After the pain finally went away, I still had a few Vicodin pills left and mentioned it to a couple of friends who suddenly became very “interested” if I was looking to make a “profit.” My friends told me to take advantage of the pain and that it would be easy to get another refill if I pretended my pain had worsened. I could even get a stronger dose or a stronger drug. They were right; it would’ve been easy. After all, they had all done it themselves.

A recent study conducted at the University of Michigan found that about 20 percent of college students take prescription drugs for recreational purposes. According to the National Center on Alcohol and Substance Abuse at Columbia, from 1993 to 2005, the number of college students abusing tranquilizers like Xanax and Valium went up 450 percent. For opioids like Vicodin, the increase was 343 percent.

These medications, along with the stimulant Adderall and the painkiller OxyContin, are the new drugs of choice on campuses. It’s not a shock that there are students out there who like to experiment with various states of mind. It is a shock, though, that these prescription drugs are perceived to be nontoxic compared to coke and ecstasy.

Prescription pills are praised for working wonders against anxiety, pain and sleeping disorders. They are considered, in moderation, to be safe. But abusing these drugs is not at all uncomMonday, which quickly turns safe into tragic. In 2006, 16 million patients abused their prescription medications, according to the Substance Abuse and Mental Health Service Administration. Further, painkillers are more likely to cause fatal overdoses than heroin or cocaine, according to the Center for Disease Control and Prevention.

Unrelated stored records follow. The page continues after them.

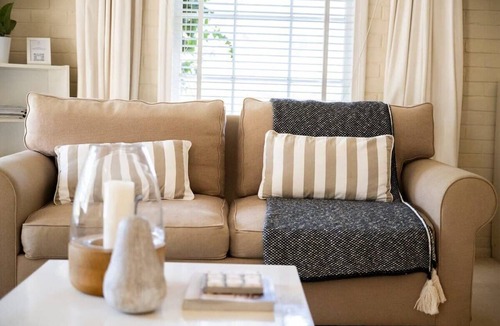 Emu Swamp Apartment | Stunning Garden Studio at Mayfield Vineyard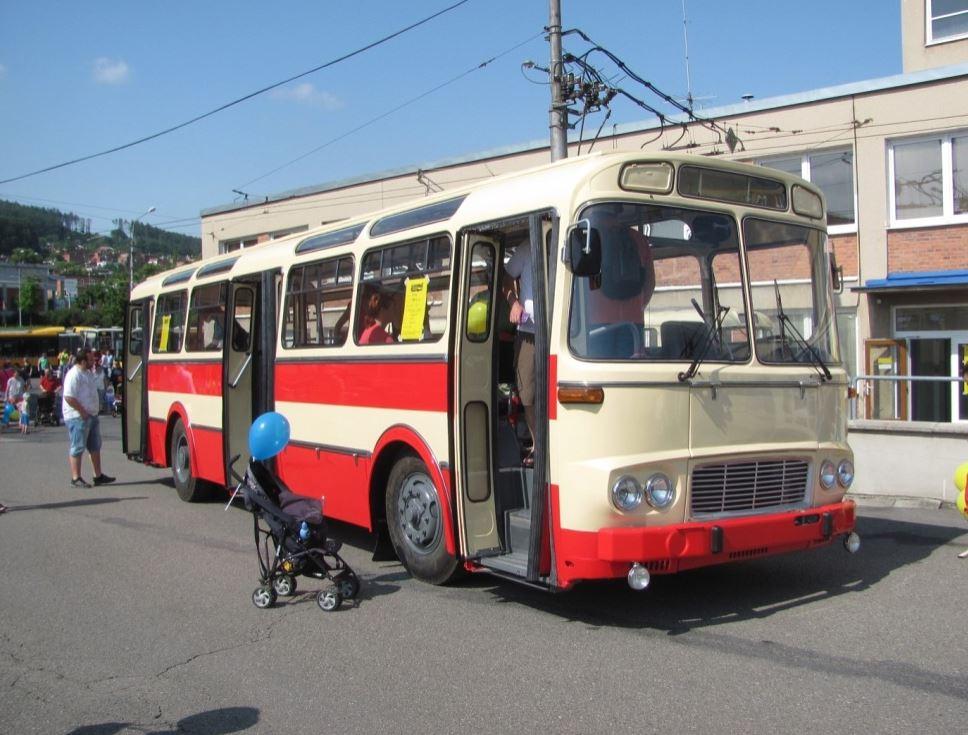 O prázdninách vyjedou na linky MHD ve Zlíně i historická vozidla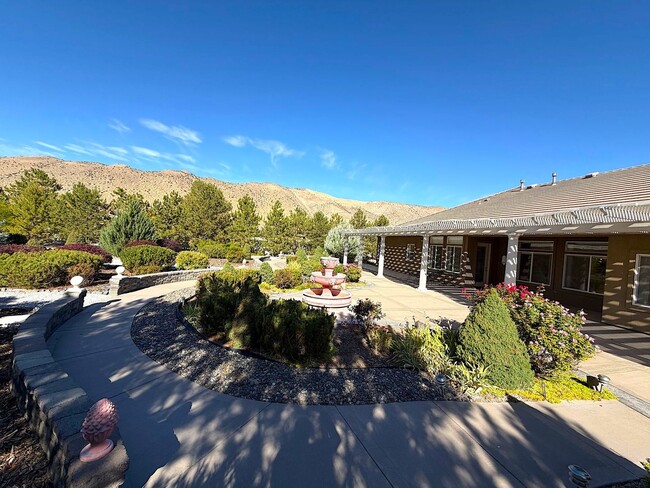 Building Photo - Spanish Springs 5bed/3bath - Move in Speci...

When it comes to social acceptability, the line between illicit drugs and prescription pills is clearly cut, but I don’t snort it. Prescription drugs are more lethal, just as addictive and easier to find than the stuff the D.A.R.E. dog warned you about.

A friend stopped smoking pot after receiving a citation from university police. The next week he obtained a legitimate prescription for the painkiller Hydrocodone. He still has a drug problem, but this time it’s easier to hide. It would be difficult for Searle to monitor if a student is abusing his medication, or for NUPD to catch someone selling it to close friends.

That’s the rule of the trade: anyone with a prescription can be a dealer. You can lie to your doctor, buy it from your friend or steal it from your parents. If marijuana is the gateway drug, a prescription is an all-access drug pass.